Caso de Valdinei “Bô Caires” marca a luta contra o feminicídio no interior baiano; o jornal O Eco acompanhou o caso desde o desaparecimento de Beatriz Pires da Silva em 2023
Em um desfecho que ecoa nas discussões sobre violência de gênero e impunidade no interior da Bahia, o ex-vereador Valdinei da Silva Caires, conhecido como “Bô Caires”, foi condenado a 34 anos de prisão em regime inicialmente fechado pela morte de Beatriz Pires da Silva, de 25 anos, grávida de seis meses. O julgamento aconteceu ontem, 16 de outubro de 2025, no Fórum de Brumado, e encerra um dos casos mais chocantes da região. O jornal O Eco acompanha o caso desde o desaparecimento da jovem, ocorrido em janeiro de 2023.
Beatriz desapareceu após avisar que iria se encontrar com Valdinei, com quem mantinha um relacionamento e tinha um filho de dois anos.

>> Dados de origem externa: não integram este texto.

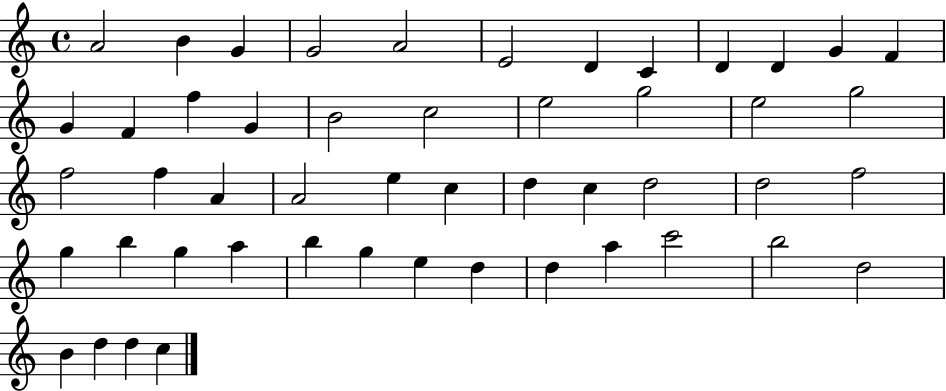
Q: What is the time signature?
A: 4/4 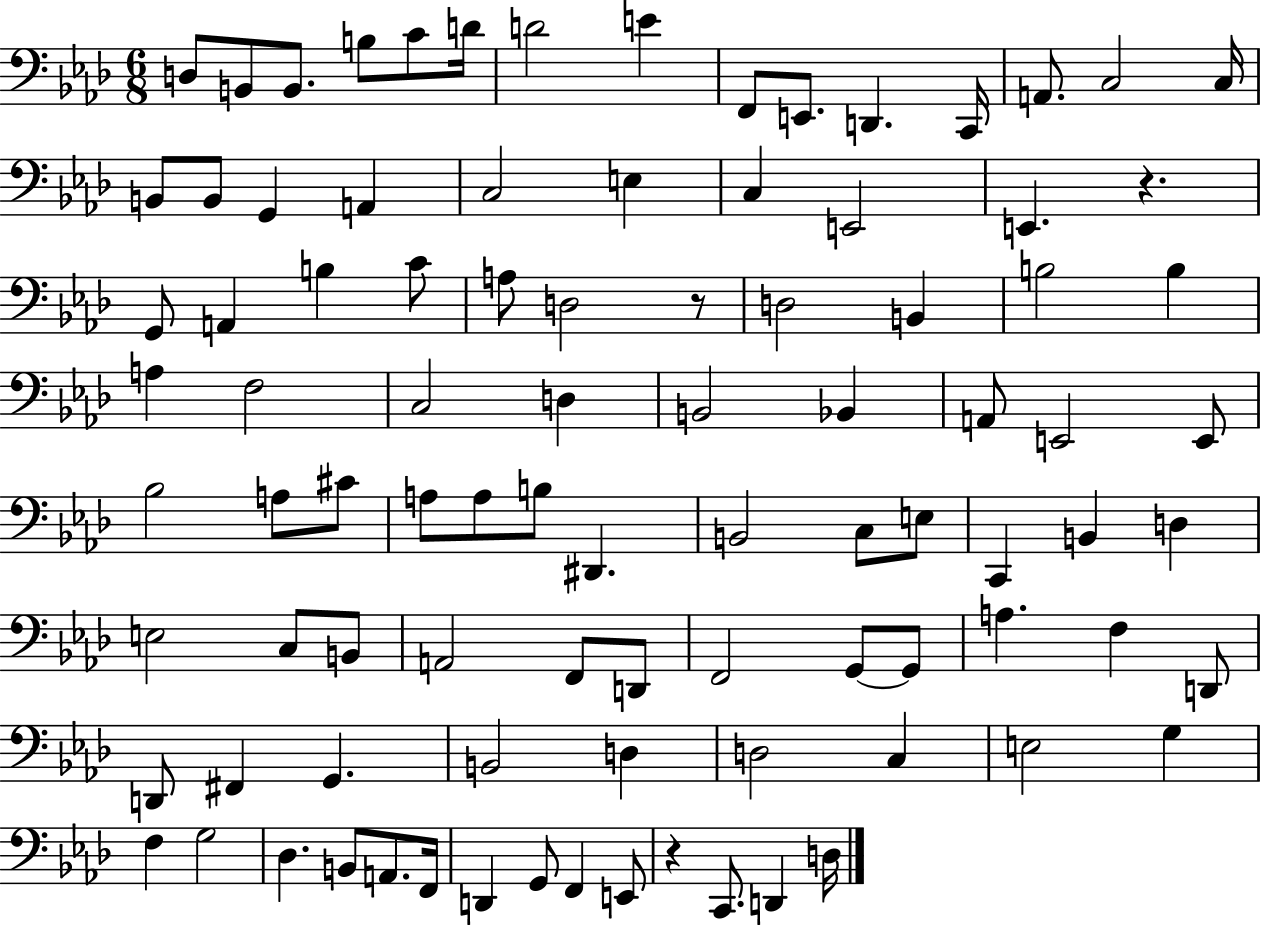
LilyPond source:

{
  \clef bass
  \numericTimeSignature
  \time 6/8
  \key aes \major
  d8 b,8 b,8. b8 c'8 d'16 | d'2 e'4 | f,8 e,8. d,4. c,16 | a,8. c2 c16 | \break b,8 b,8 g,4 a,4 | c2 e4 | c4 e,2 | e,4. r4. | \break g,8 a,4 b4 c'8 | a8 d2 r8 | d2 b,4 | b2 b4 | \break a4 f2 | c2 d4 | b,2 bes,4 | a,8 e,2 e,8 | \break bes2 a8 cis'8 | a8 a8 b8 dis,4. | b,2 c8 e8 | c,4 b,4 d4 | \break e2 c8 b,8 | a,2 f,8 d,8 | f,2 g,8~~ g,8 | a4. f4 d,8 | \break d,8 fis,4 g,4. | b,2 d4 | d2 c4 | e2 g4 | \break f4 g2 | des4. b,8 a,8. f,16 | d,4 g,8 f,4 e,8 | r4 c,8. d,4 d16 | \break \bar "|."
} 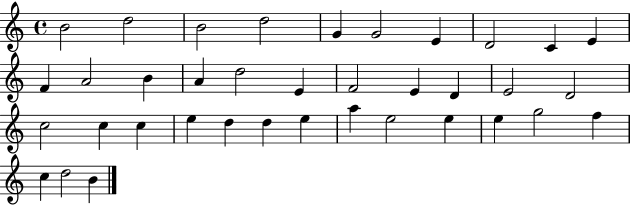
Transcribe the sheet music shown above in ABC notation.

X:1
T:Untitled
M:4/4
L:1/4
K:C
B2 d2 B2 d2 G G2 E D2 C E F A2 B A d2 E F2 E D E2 D2 c2 c c e d d e a e2 e e g2 f c d2 B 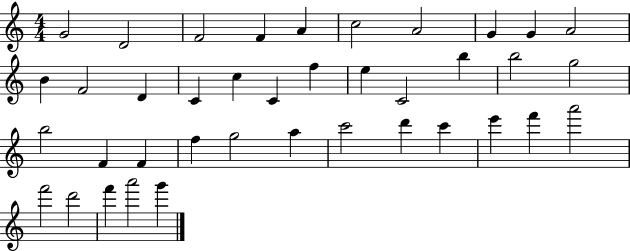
X:1
T:Untitled
M:4/4
L:1/4
K:C
G2 D2 F2 F A c2 A2 G G A2 B F2 D C c C f e C2 b b2 g2 b2 F F f g2 a c'2 d' c' e' f' a'2 f'2 d'2 f' a'2 g' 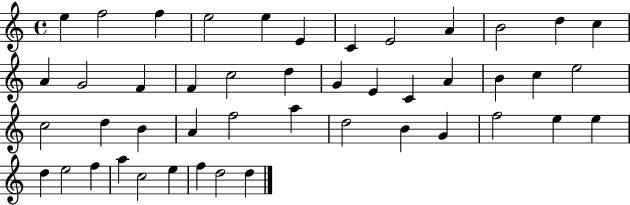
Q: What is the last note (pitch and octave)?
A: D5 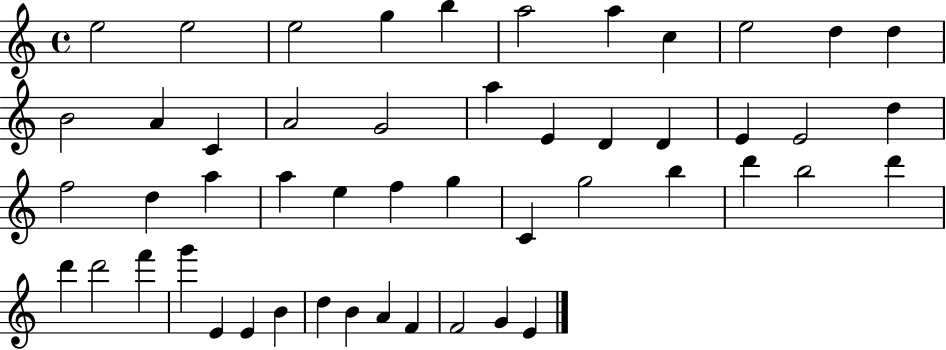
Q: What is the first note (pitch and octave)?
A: E5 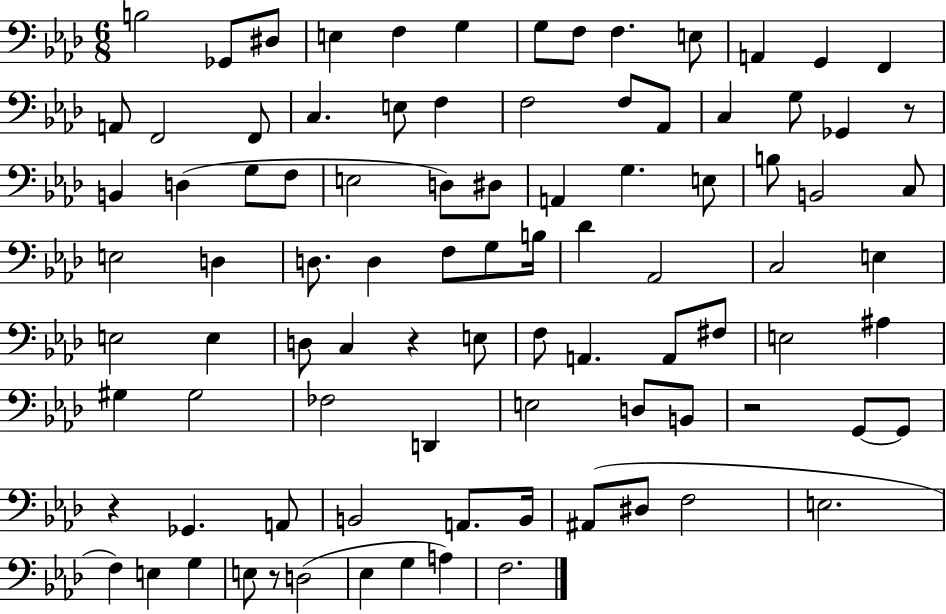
{
  \clef bass
  \numericTimeSignature
  \time 6/8
  \key aes \major
  \repeat volta 2 { b2 ges,8 dis8 | e4 f4 g4 | g8 f8 f4. e8 | a,4 g,4 f,4 | \break a,8 f,2 f,8 | c4. e8 f4 | f2 f8 aes,8 | c4 g8 ges,4 r8 | \break b,4 d4( g8 f8 | e2 d8) dis8 | a,4 g4. e8 | b8 b,2 c8 | \break e2 d4 | d8. d4 f8 g8 b16 | des'4 aes,2 | c2 e4 | \break e2 e4 | d8 c4 r4 e8 | f8 a,4. a,8 fis8 | e2 ais4 | \break gis4 gis2 | fes2 d,4 | e2 d8 b,8 | r2 g,8~~ g,8 | \break r4 ges,4. a,8 | b,2 a,8. b,16 | ais,8( dis8 f2 | e2. | \break f4) e4 g4 | e8 r8 d2( | ees4 g4 a4) | f2. | \break } \bar "|."
} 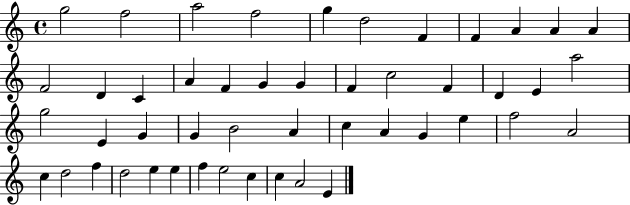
X:1
T:Untitled
M:4/4
L:1/4
K:C
g2 f2 a2 f2 g d2 F F A A A F2 D C A F G G F c2 F D E a2 g2 E G G B2 A c A G e f2 A2 c d2 f d2 e e f e2 c c A2 E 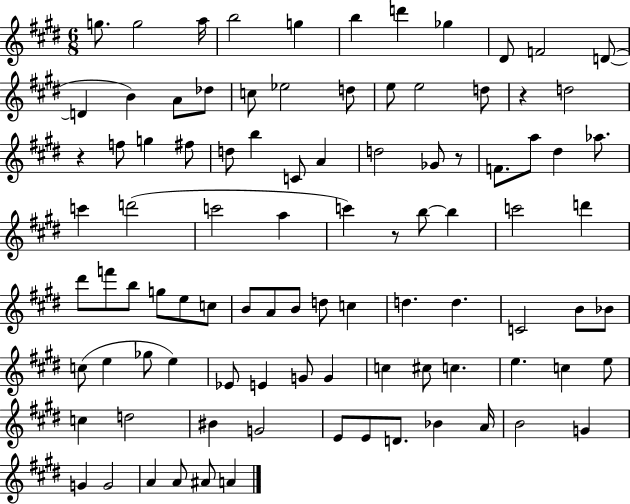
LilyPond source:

{
  \clef treble
  \numericTimeSignature
  \time 6/8
  \key e \major
  g''8. g''2 a''16 | b''2 g''4 | b''4 d'''4 ges''4 | dis'8 f'2 d'8~(~ | \break d'4 b'4) a'8 des''8 | c''8 ees''2 d''8 | e''8 e''2 d''8 | r4 d''2 | \break r4 f''8 g''4 fis''8 | d''8 b''4 c'8 a'4 | d''2 ges'8 r8 | f'8. a''8 dis''4 aes''8. | \break c'''4 d'''2( | c'''2 a''4 | c'''4) r8 b''8~~ b''4 | c'''2 d'''4 | \break dis'''8 f'''8 b''8 g''8 e''8 c''8 | b'8 a'8 b'8 d''8 c''4 | d''4. d''4. | c'2 b'8 bes'8 | \break c''8( e''4 ges''8 e''4) | ees'8 e'4 g'8 g'4 | c''4 cis''8 c''4. | e''4. c''4 e''8 | \break c''4 d''2 | bis'4 g'2 | e'8 e'8 d'8. bes'4 a'16 | b'2 g'4 | \break g'4 g'2 | a'4 a'8 ais'8 a'4 | \bar "|."
}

Ela foi vista pela última vez entrando em um carro do Sindicato dos Trabalhadores Rurais de Barra da Estiva, veículo ligado ao então vereador. Poucos dias depois, manchas de sangue foram encontradas no porta-malas do carro. Apesar das buscas intensas, o corpo de Beatriz e o do bebê nunca foram localizados.
O Ministério Público da Bahia denunciou Valdinei pelos crimes de feminicídio qualificado, ocultação de cadáver e motivo fútil. O juiz Josué Teles Bastos Júnior, da Vara Criminal de Barra da Estiva, aceitou a denúncia e encaminhou o réu a júri popular. Diante da grande repercussão e para garantir a imparcialidade do julgamento, o processo foi transferido para Brumado. O júri, inicialmente previsto para julho, foi adiado para outubro e mobilizou forte aparato policial durante sua realização.
Durante a sessão, que durou várias horas, o Tribunal do Júri reconheceu a culpa do ex-vereador em todas as acusações. A sentença levou em consideração a brutalidade do crime, a condição de vulnerabilidade da vítima e a tentativa deliberada de ocultar o corpo. Valdinei já estava preso preventivamente desde 2023 e teve seu mandato cassado por unanimidade em dezembro daquele mesmo ano.
A condenação representa uma vitória simbólica para os movimentos sociais e grupos de defesa dos direitos das mulheres na Bahia, que desde o desaparecimento de Beatriz cobravam uma resposta da Justiça. Para ativistas da região, a decisão é um marco na luta contra o feminicídio e demonstra que o poder político não deve proteger criminosos.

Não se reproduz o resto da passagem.